Never have I seen stars like that. We were so far out from any city's artificial light that the cloudless night sky allowed the stars to shine as they never manage to do in places where earth-light clutters the sky. Some people call it light pollution. But that night at the edge of the jungle we could see stars like I had never seen them in my life. Forget picking out constellations like the Big Dipper or Orion's belt. There were so many stars visible that they crowded into more of a smudge in the sky. It was as though we could see every single star God ever made. It was probably one of the most spiritual moments of my life. We were all struck speechless. There was nothing to be said because it was such an indescribable moment. We went off to bed in silence.

There was a video sent around facebook and YouTube last week about the Hubble telescope. They keep going deeper and deeper into the sky and discovering endless sections of the universe. Indeed, they keep finding other whole universes. One universe would be enough to boggle my own mind but apparently there are even more than I can fathom.

As smart as humans keep getting, each time we cross a threshold of new discoveries God presents still more unknown territory. And it only gets more impressive at how big God is. The song comes to mind:
Our God is an awesome God
He reigns from heaven above
With wisdom, power and love
Our God is an awesome God
When we built a third bedroom onto the end of our cabin in the woods I asked for the two corner walls to be mostly windows. Beaven thought I was crazy. He even wondered what would hold the house up but I got my windows.

On a cloudless night with a full moon the light illuminates the bedroom and I can see moon shadows outside the windows. The moonlight is so bright that it strikes the trees and leaves a shadow of the tree on the ground.

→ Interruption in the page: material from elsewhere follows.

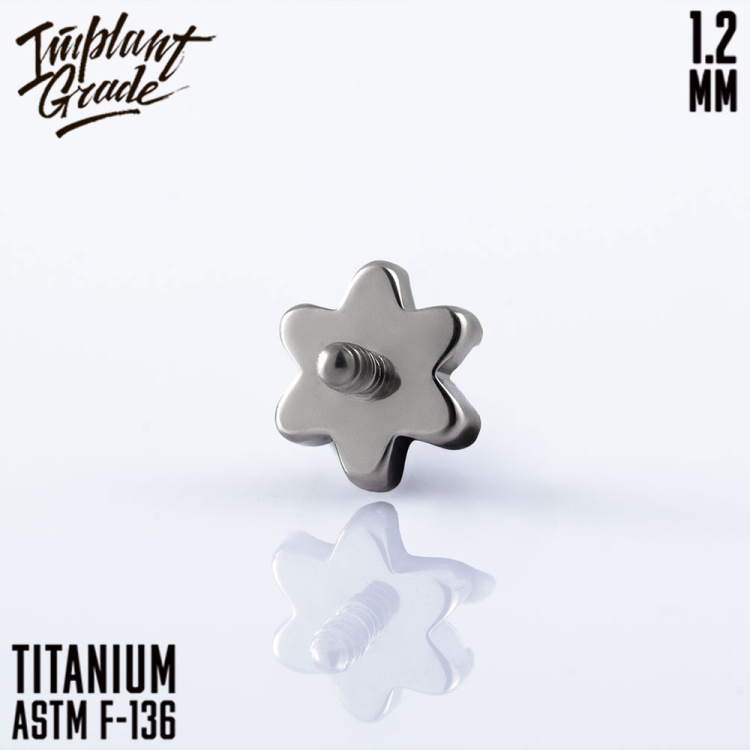 Накрутка Flower Implant Grade 1.2 мм титан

Sometimes it’s bright enough that I’m reminded of the night before my brother died. I was taking my turn on the night shift. Between administering doses of morphine I had nothing to do but walk around outside looking up at the sky and asking a lot of angry questions. My brother lived in the country like we do now and there was a full moon that night. Eventually the anger subsided and I started noticing how bright the moonlight was. I decided to get a newspaper to test it. So I sat myself down in a lawn chair and was able to read a newspaper by the light of the moon. Even while I was wondering where God was, God was sending me enough light to read a newspaper by.

I really feel sorry for people who live in cities when the moon and stars are in their glory. It must be hard to never fully see the sky the way God arranged it for us. Maybe city-dwellers don’t know what they’re missing but I do and that makes it even more pitiful.

The more humanity develops our planet and yields to the temptation to make life just a bit easier with artificial lighting, we are at the same time putting a distance between ourselves and our Creator.

That’s the last thing on earth we should be doing to ourselves. The more complicated our world becomes the greater our need to experience the majesty of an awesome God who loves us.

We have a New Moon coming up on the 14th. While it may not sound romantic to celebrate Valentines Day on a night without a moon it's your best chance to see the stars. Then on February 28th we'll have a full moon and you can look for moon shadows. Check out what you can see with the Hubble telescope. At the very least, get your butt outside and look up. Even without stars or moon it's still a big sky and nobody really knows where it ends.


Anonymous said...

god of wonders beyond our galaxy, you are holy...i saw those stars once when i was a kid near the Big Thicket. I felt like i was in a star studded dome. thanks for the reminder

Anonymous said...

Big Bend is a place of incredible stars!